Inactive member is defined as being unable to participate in the regular affairs, but desires to maintain their association. Annual dues shall be SEAFAIR BOAT CLUB portion of full membership. The member does not have voting privileges and will not receive compensation for any club functions. Upon request and payment of one (1) year dues they shall be reinstated to full membership. 


SECTION 5: Junior Member: Any person under eighteen (18) years of age maybe elected to full membership and participation, with no voting privileges upon payment of initiation fee and has a parent or guardian that is a full member in good standing and approval of the Board of Directors. 


SECTION 6: Annual dues for membership, new and renewal shall be set by the Board of Directors and then presented to the General Membership for their approval. Dues will be payable on the first day of November and delinquent on the first day of March of the following year. Any extension of this date will be approved by the Board of Dir SEAFAIR BOAT CLUB. 


SECTION 7: All Committee Chairpersons and Vice- Chairpersons under the directorship of the SEAFAIR BOAT CLUB shall be members of the SEAFAIR BOAT CLUB. Any 

exception to this will be brought before the Board of Directors.


ARTICLE SEVEN: SUSPENSION AND EXPULSION


SECTION 1: Any member, whose conduct shall be decided by the Board of Directors to have been opposed to the best interest of the membership, may be suspended from participation in all activities. The Board of Directors may, by two-thirds vote, suspend or expel any Officer or Member, provided that in either case a copy of the charges are sent by registered mail to the accused no later than ten (10) days prior to the meeting, at which time action on the charges is to be taken. The accused is given full opportunity to appear at the meeting in their own defense. The decision of the Board of Directors may be reversed by a two-thirds vote of the active members at the Annual meeting. 


ARTICLE EIGHT: LEGAL COUNSEL


SECTION 1: The SEAFAIR BOAT CLUB Board of Directors shall select legal counsel, who shall be a member of the Washington State Bar Association and who will be known as the Judge Advocate. 


They shall be responsible and available to provide SEAFAIR BOAT CLUB Board of Directors and Officers proper guidance on contracts, liabilities, insurance or any other legal matters.
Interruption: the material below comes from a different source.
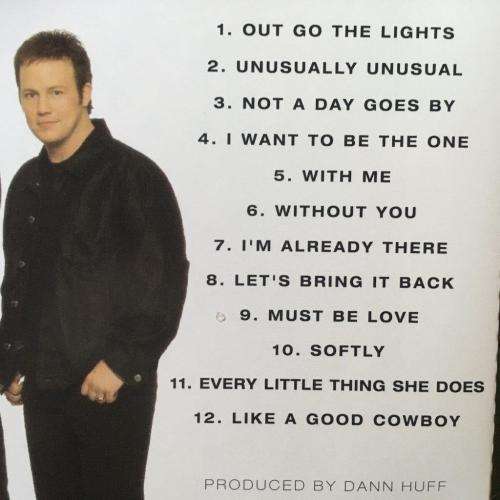 CD - Lonestar - I`m Already There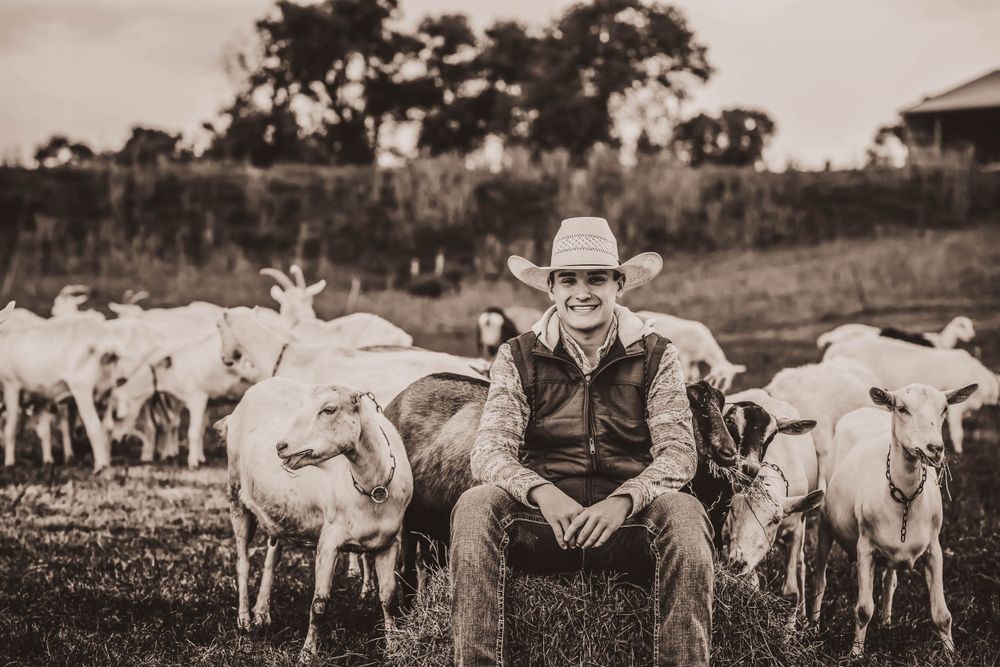 Senior Portrait Photography, New Glarus, Wisconsin.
The Judge Advocate or designee shall act as registered Agent of the Corporation.


ARTICLE NINE: AMENDING THE BY-LAWS


SECTION 1: Any amendment of repeal shall be passed by the Board of Directors, then same to be published two (2) weeks prior to annual or general membership meeting. The amendment or repeal shall need a simple majority vote of all ballots cast.


ARTICLE TEN: FRANCHISE


SECTION 1: The authority to use the Logo, Name or Burgee of the SEAFAIR BOAT CLUB for monetary gain, must have the approval of the Board of Directors. 

    

ARTICLE ELEVEN: INSURANCE/BONDING 


SECTION 1: Property insurance: Replacement value insurance shall be maintained on all club assets of value, as determined by the SEAFAIR BOAT CLUB Board of Directors. 


ARTICLE TWELVE: COMMODORE FUND

SECTION 1: A Commodore's fund shall be established by the Board of Directors. 


ARTICLE THIRTEEN: AUDIT COMMITTEE


SECTION 1: The Commodore shall appoint an internal audit committee that shall consist of the upcoming year's Commodore and two (2) members at large. Internal audits should be completed prior to December 1st.